Bottom discharge using hopper wagons or the bottom doors on standard wagons was a feature of railways in the North East, much less common elsewhere although sometimes seen in industrial areas. Bottom discharge requires either an excavated `drop' or a raised section of track run over a set of bunkers into which the wagon discharges. They are often found where the track was conveniently elevated, running along the side of a hill or leading out to cross a river valley. Where there was no suitable natural depression it the North Eastern Railway built ramps leading up to a raised section of track above a row of bunkers. The ramps were commonly earth banks and the clearance under the timbers supporting the track might be as little as six feet. Earth banks take up quite a lot of room so it might be better to make up a timber framed structure as shown in the drawing.

Fig ___ Coal drops

Hopper discharge is easy and economical but coal drops are expensive to build so under Beeching BR instituted a system based on a small number (only 292 nation wide) of specially built `House Coal Concentration Depots'. These were built from about 1965 and all were completed by about 1970.

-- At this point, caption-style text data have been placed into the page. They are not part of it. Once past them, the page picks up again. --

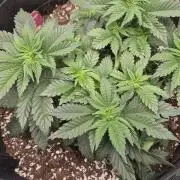Black Domina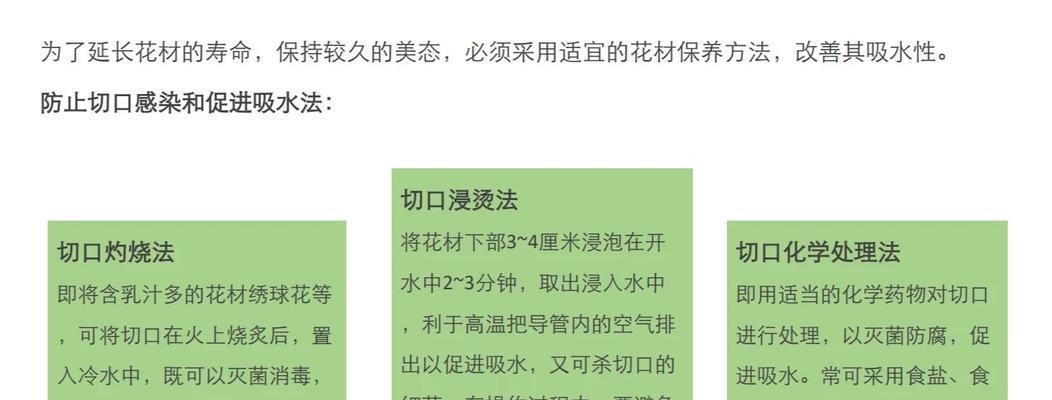 寓意长寿的花材有哪些？它们在花艺中如何应用？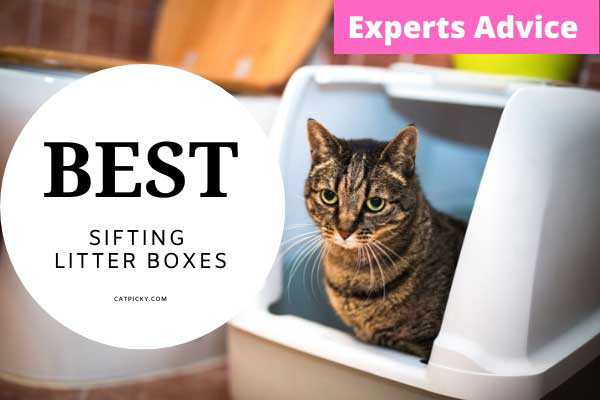 best-sifting-litter-boxes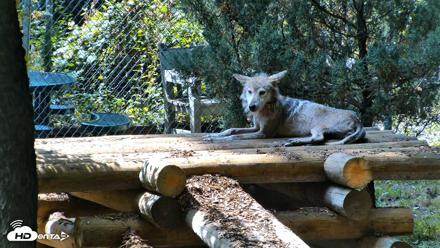 Red Wolves Live Webcam at the Wolf Conservation Center - Jul 27, 2026, 3:01pm EDT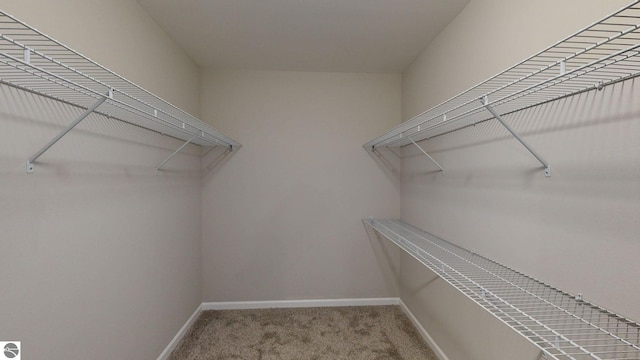 walk in closet with carpet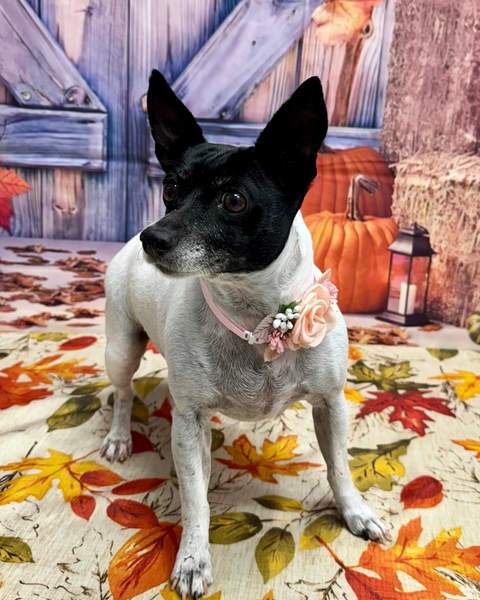 Rat terrier mix, alert ears up, pink collar, barn backdrop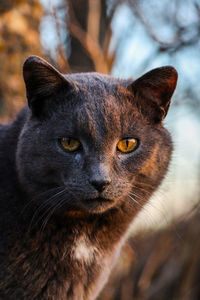 Close-up portrait of a cat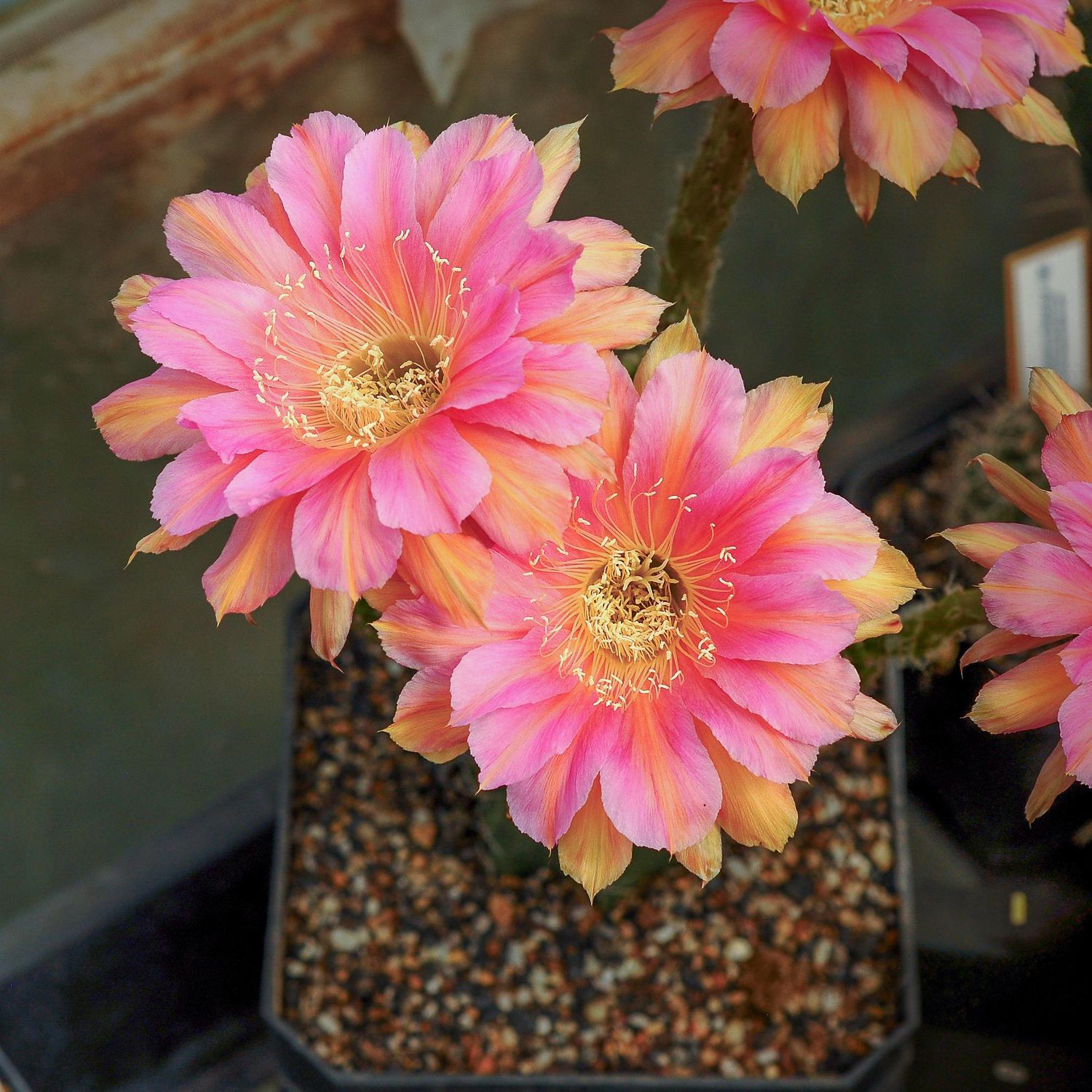Lobivia hybrid Profusion in bloom with pink and orange flowers
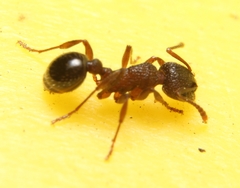 Myrmica punctiventris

These depots do not usually store much coal, they mainly serve as loading points for road lorries supplying the coal merchants. The concentration depot supplied local traders with coal either in bulk or ready-bagged for sale, the trader was expected to arrange his or her own transport from the depot to his yard. In the depots where coal is stored in some of the bays a mechanical shovel is provided to load the lorries. The older bunkers of the NER and other companies were usually brick-built (occasionally wood in old privately owned installations) but BR used concrete and steel for new installations. House coal was delivered mainly in 21 ton hopper wagons but also in a range of other hopper types such as the sand/iron ore hoppers available in simple kit form from the N Gauge Society. Hopper wagons used for this service were often marked `HOUSE COAL CONCENTRATION' on the side and a typical installation could handle eight or ten wagons at one time.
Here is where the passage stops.